## How to complete this task
Within the entries below, the lines from the one with "刑法关于动植物检疫失职犯罪规定的定罪量刑档次" through the one with "Think before you speak" are to be set down exactly, both ends kept.

[Opening Records for the task section]

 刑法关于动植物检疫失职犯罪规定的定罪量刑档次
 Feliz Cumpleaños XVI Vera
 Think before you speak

[Closing Records for the task section]
[Opening Records for the task section]

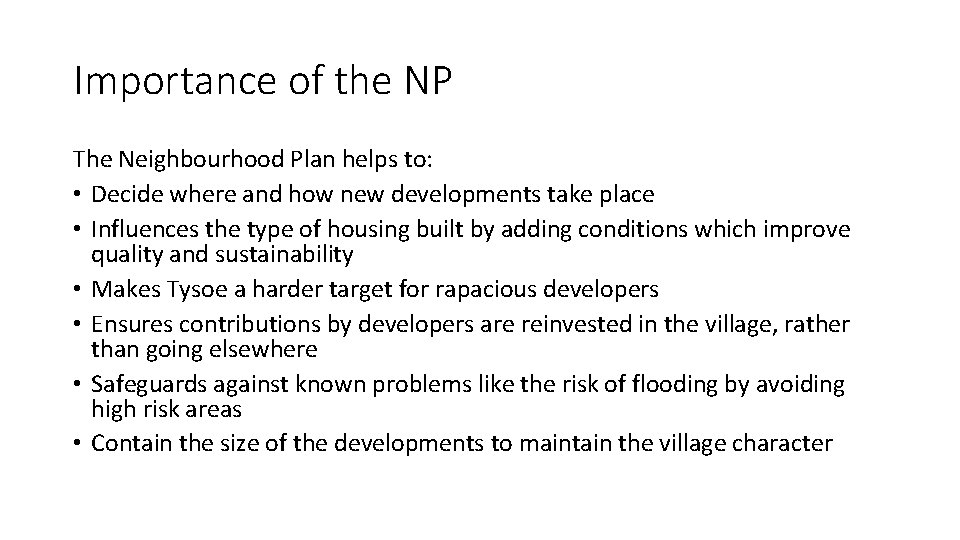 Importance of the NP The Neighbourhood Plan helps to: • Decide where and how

[Closing Records for the task section]

## Finished task
 刑法关于动植物检疫失职犯罪规定的定罪量刑档次
 Feliz Cumpleaños XVI Vera
 Think before you speak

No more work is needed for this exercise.